THE NEXT TIME Robert De Niro and Joe Pesci team up for a movie, it may be to play characters from a video game.

That's the dream of David O. Russell, who's currently working on a movie version of "Uncharted: Drake's Fortune." Mark Wahlberg is already on board as Nathan Drake, and Russell wants De Niro as Drake's father, Pesci as his uncle.

"I'm writing the project with Mark, and with De Niro and Pesci in mind," said Russell, who's pitched the idea to both men, whom he's admired as a longtime Martin Scorsese nut, and addicted fan of the movies "Goodfellas," "Casino" and the fight classic "Raging Bull."

Russell's own boxing movie, "The Fighter," opens tomorrow, with Wahlberg in the lead in the true story of "Irish" Micky Ward, a fighter whose greatest handicap was the drug addiction of his trainer/brother (Christian Bale).

"The Fighter" is deeply quirky (even funny) in the style common to Russell ("Three Kings," "Flirting With Disaster") and it's certainly nothing like Scorsese, though if you took Jake LaMotta and split him in two - separating the dogged fighter and the self-destructive man - you'd have a rough approximation of Ward and brother Dicky Eklund.

Russell, though, said Micky Ward has more in common with another movie fighter - Marlon Brando's character in "On the Waterfront."

"It's about the relationship of the brothers. The intensity of having a dream inside a web of relationships, and what it takes for you to get through that web, using whatever help you can get. It's about the double-edged sword of family, how they can help you, how they can hold you back."

It's also about addiction. Micky's half-brother, Dicky, was a former fighter whose own promising career (he knocked down Sugar Ray Leonard) was derailed by a fierce addiction to crack cocaine, the problem that makes him such a lousy trainer for Micky.

The movie's title refers just as much to Dicky's struggle with drugs, and I asked Russell if "Fighter" isn't really a story of addiction.

"I don't think so. There was an earlier version that Darren Aronofsky ["The Wrestler"] was going to do that was almost totally focused on addiction. This is not that movie."

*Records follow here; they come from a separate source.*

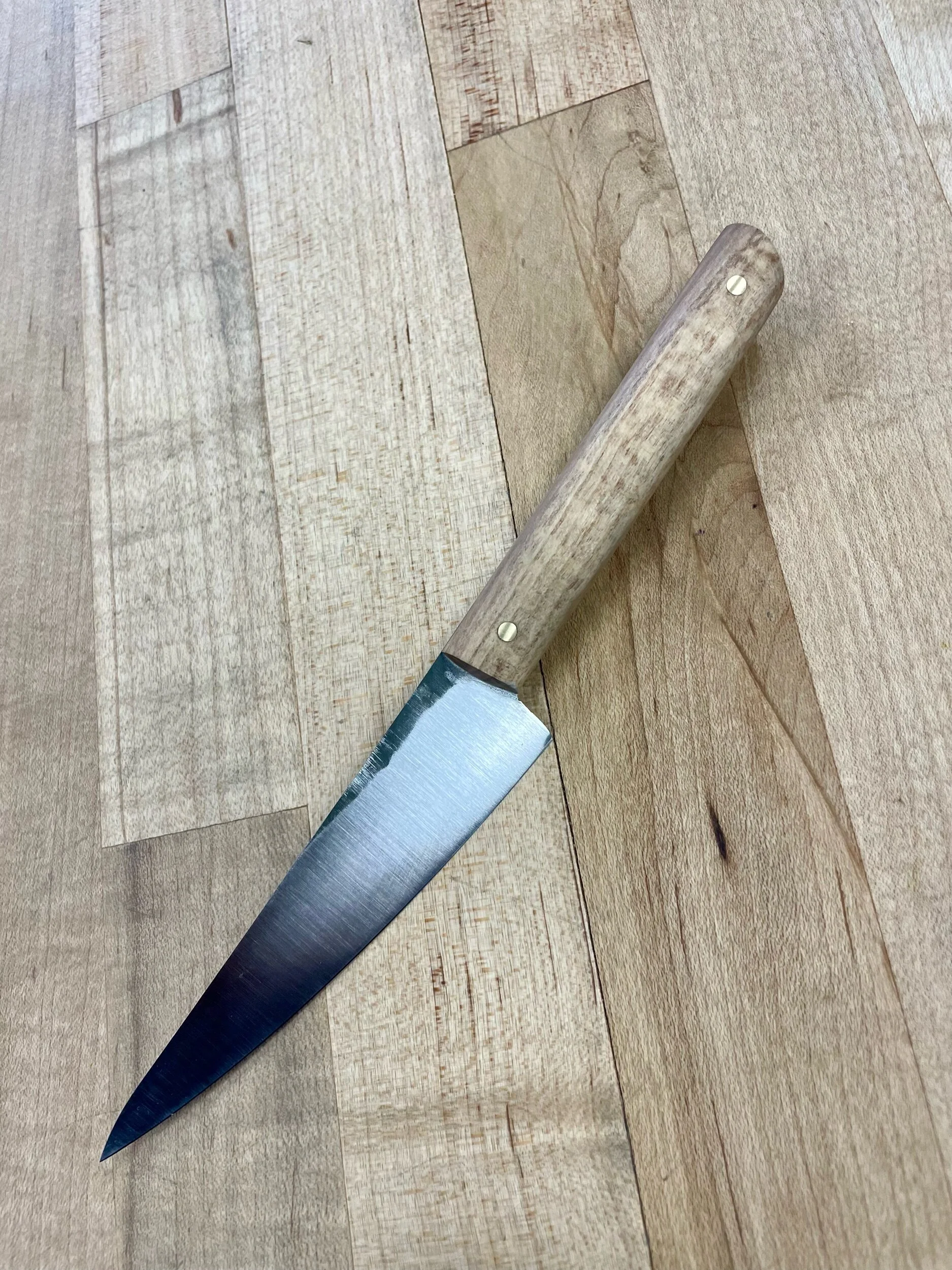 7C866916-3A9C-456E-B363-CD04F0C4EEBD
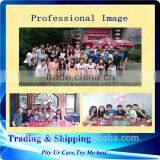 Container Sea Freight From China to BARNAUL Freight Forwarder Service From Foshan Warehouse thumbnail-1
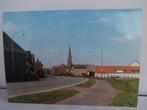 Ansichtkaart Schinveld (Beekdaelen) Brunssumerstraat, Ophalen of Verzenden, 1960 tot 1980, Ongelopen, Limburg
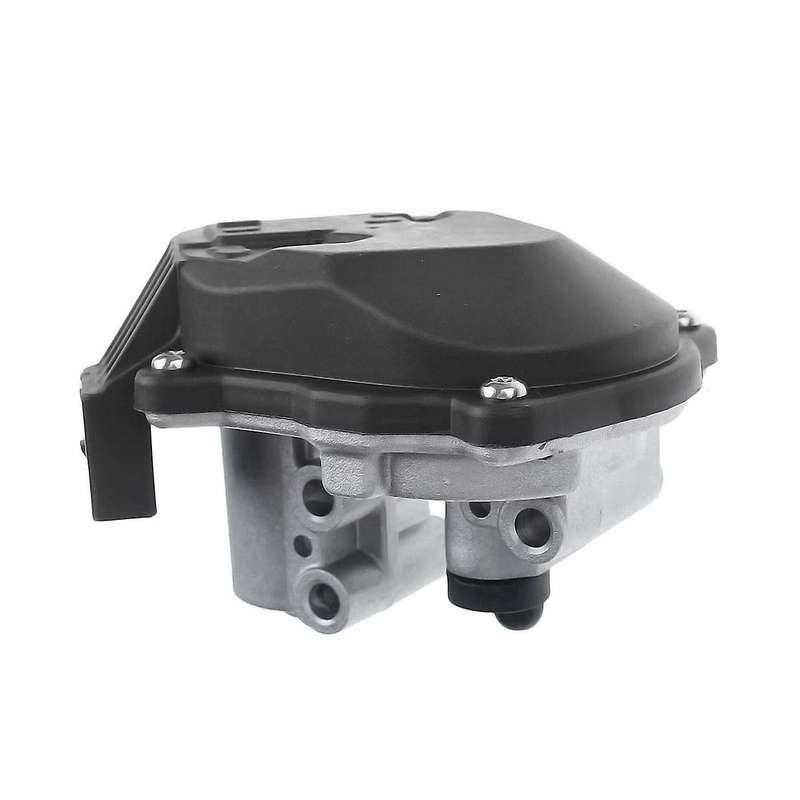 03l129086v Car Intake Manifold Flap Actuator Motor for A3 Golf 2.0l 03l129086v120 A2c53248883
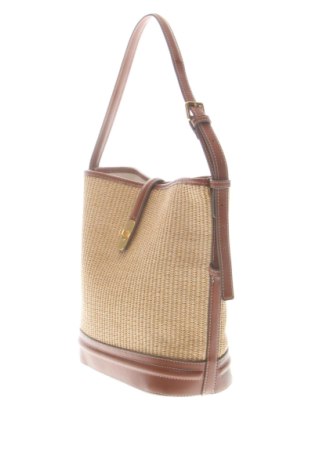 Geantă de femei Mango, Culoare Multicolor, Preț 140,76 Lei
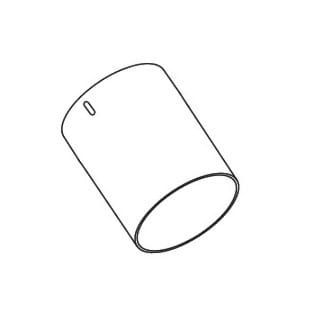 SIDELITE - Cilindro di schermatura NE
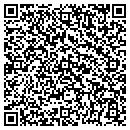 QR code with Twist Cupcakes contacts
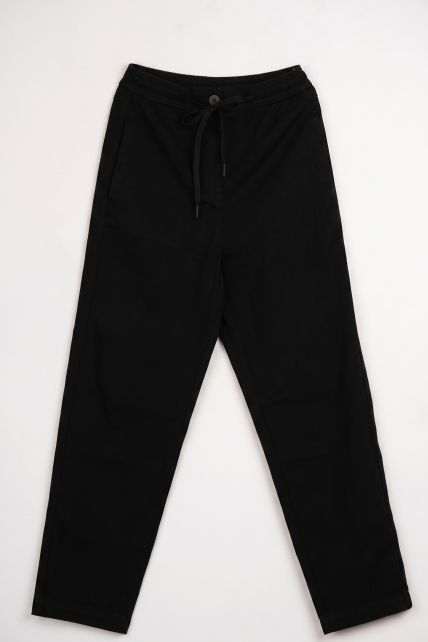 Pantalon Invierno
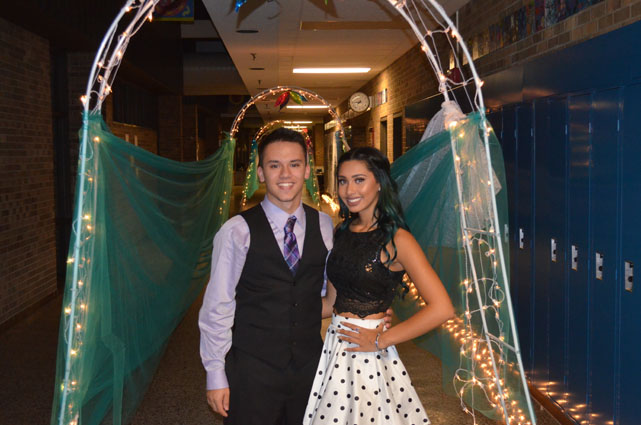 homecoming-1-378-edited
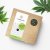 Hemp refreshment - loose organic hemp tea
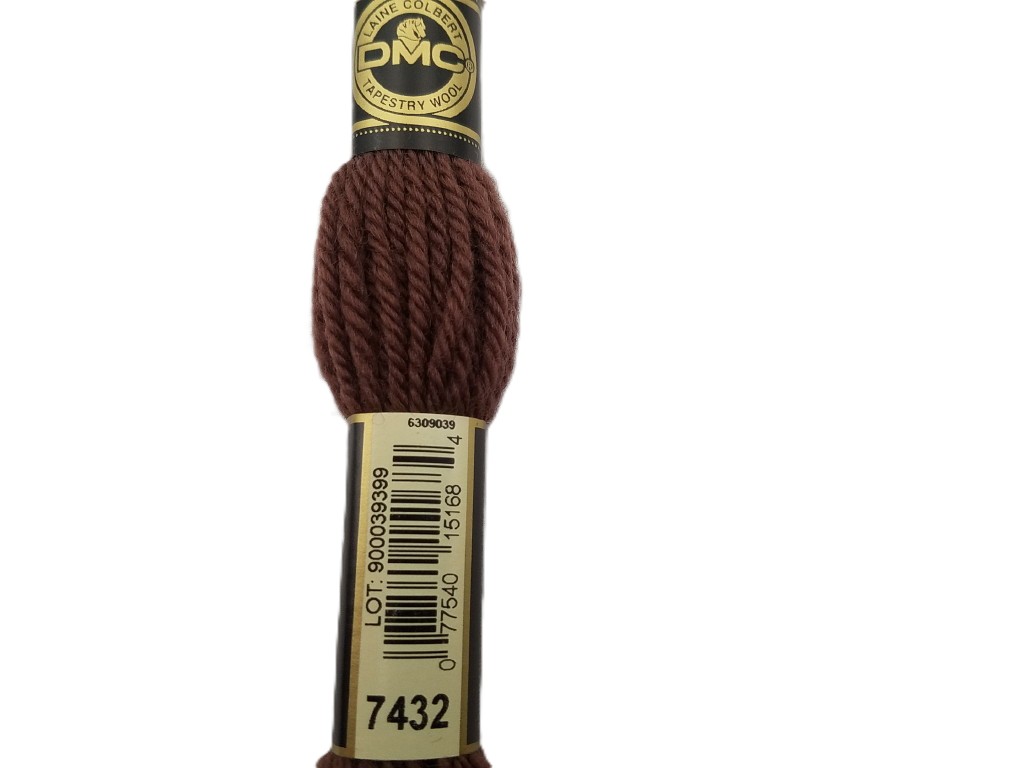 BrLc-D-7432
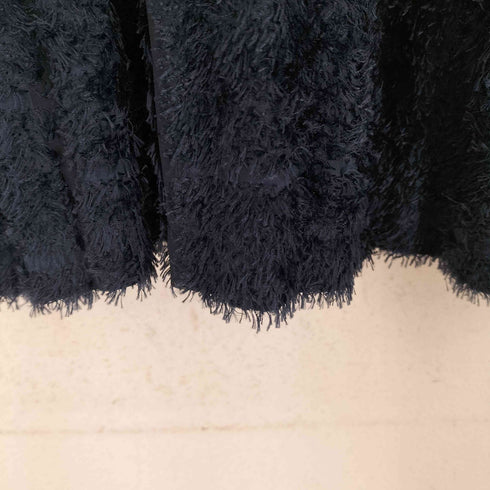 プリーツプリーズイッセイミヤケ PLEATS PLEASE ISSEY MIYAKE シャギープリーツワンピース レディース JPN:2
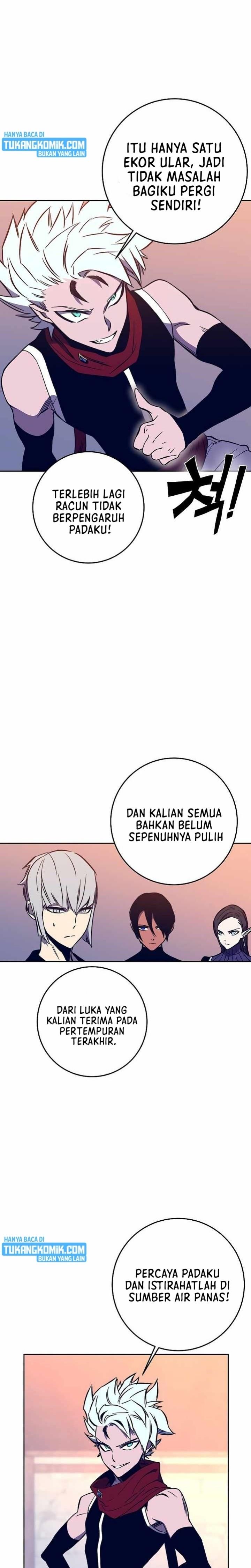 image-komik-x-ash-chapter-44-10/48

Russell said he reshaped the "The Fighter" to focus on Micky's complex struggle to confront Dicky's problem, almost impossible in a fiercely protective family that preferred to pretend Dicky wasn't a junkie.

Micky eventually finds a way, with the help of a new girlfriend (Amy Adams).

"It was the hardest thing Micky ever had to do, because he was the last person to complain or say a negative thing about anybody. He'll take five punches to give one. He lived like he fights," Russell said.

There was still a whiff of family denial in the air when Wahlberg and Russell began shooting "The Fighter," with Ward and Eklund involved as advisers.

"Dicky freaked out about how he was going to be portrayed, just like anybody would, and had to be talked through it," said Russell.

Mainly by Wahlberg, who'd devoted seven years to the project, and burned though several directors and many putative co-stars. He had Ward and Eklund living in his home, and Russell, too, while the writer-director banged away on the script.

"We created a little community. There were some battles, but everybody learned to trust each other. Otherwise, we couldn't have done it."